If crisis is change's catalyst, recovery is its inhibitor. As preparations for the G20 summit get under way, finance ministers meeting in London deserve credit for averting economic apocalypse. In reforming financial regulation, however, their efforts are thus far lacking. The debate has been hijacked by an understandably populist, but often tangential, focus on bankers' pay. Meanwhile, reforming zeal is in danger of being squandered, as broad-brush visions gloss over trickier questions of implementation and efficacy.
The ability to deal with failing institutions is crucial, and the idea of “living wills” for banks has merit. But the welcome simplification of banks that these would require is a fight the regulators may not be up to. Everyone agrees, meanwhile, that banks should have more capital. So introduce market-structures that involve, say, forced conversion of debt to equity, which would help lessen the implicit state guarantees now swaddling the sector and limit the potential for regulatory forbearance. It is also time to come up with a clear view of leverage that encompasses, for example, risk buried within instruments or squirrelled away off-balance sheet.

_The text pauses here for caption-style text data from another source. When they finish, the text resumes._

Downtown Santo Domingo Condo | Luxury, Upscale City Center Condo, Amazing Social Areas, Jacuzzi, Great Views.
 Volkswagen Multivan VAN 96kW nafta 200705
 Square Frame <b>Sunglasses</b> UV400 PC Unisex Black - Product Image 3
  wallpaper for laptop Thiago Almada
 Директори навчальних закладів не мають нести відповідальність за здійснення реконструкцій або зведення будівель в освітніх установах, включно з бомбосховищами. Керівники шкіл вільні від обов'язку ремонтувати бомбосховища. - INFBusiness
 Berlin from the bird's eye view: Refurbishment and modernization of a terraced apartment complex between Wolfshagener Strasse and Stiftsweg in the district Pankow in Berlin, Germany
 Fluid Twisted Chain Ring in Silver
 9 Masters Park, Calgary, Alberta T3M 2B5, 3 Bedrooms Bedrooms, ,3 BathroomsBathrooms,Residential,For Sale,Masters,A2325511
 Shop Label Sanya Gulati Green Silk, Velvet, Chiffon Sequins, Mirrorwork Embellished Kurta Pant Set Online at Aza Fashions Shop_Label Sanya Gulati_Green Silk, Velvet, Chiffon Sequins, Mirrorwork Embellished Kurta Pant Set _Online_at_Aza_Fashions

When it comes to oversight of institutions and the system itself, who does it is less important than what they do. After all, both the UK's single body and the US's cast of many failed utterly, proving that bureaucratic stasis is an inter- and intra-agency problem. The Securities and Exchange Commission's abject failure to act upon warnings about Bernard Madoff's fraud is an extreme example of a common phenomenon.